Pesto Cream Pasta with Parmesan Crusted Chicken
This is another favorite that I got at my neighborhood Italian restaurant every time we went!! I have tried to recreate it so many times over the years and I finally figured it out! The sauce is SO creamy, salty and cheesy which pairs perfectly with the crunchy parmesan chicken! I’m pretty sure that this is the meal that convinced my husband to marry me! He loves this one!! I hope you will try it!
For the Cream Sauce:
– 1/2 lb pasta
– 4 tbsp butter
– 1 cup heavy whipping cream
– 1/2 cup pesto
– 1/2 cup grated parmesan cheese
For the Chicken:
– 2 thinly sliced chicken breasts
– 1 tbsp olive oil
– 1 tbsp butter
– 1/2 cup flour mixed with salt, pepper, garlic powder, italian seasoning
– 2 eggs
– 1/2 cup panko breadcrumbs mixed with 1/2 cup parmesan cheese, salt, pepper, garlic powder, and italian seasoning
1. First, cook pasta according to package instructions then begin the sauce by heating butter, cream and pesto on med-low heat until simmering. Once at a simmer stir in parmesan cheese and turn heat to low. Let simmer while cooking chicken and pasta.
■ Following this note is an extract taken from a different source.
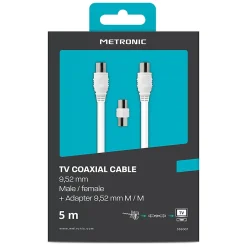 Câble TV coaxial 9,52 mm mâle/fem.+adaptateur mâle/mâle 5 m - Metronic 338007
2. While sauce is simmering, prep the chicken. In a large sauté pan heat oil and butter on med-high heat.
3. Salt and pepper chicken on both sides then begin to batter. Start by dipping chicken in flour, then egg, and finally breadcrumbs. Place directly in hot oil cooking on each side for 3-4 minutes. Remove from heat and salt.
4. Once pasta is done cooking toss it with sauce and let cook for 1-2 minutes.
5. Top pasta with cooked chicken and enjoy!
2 thoughts on “Pesto Cream Pasta with Parmesan Crusted Chicken”
This recipe is DELICIOUS!!!! My only regret is that I didn’t have more than 1 chicken breast on hand to make more of the chicken—so yummy.
Yay! Thank you! So glad you loved it!!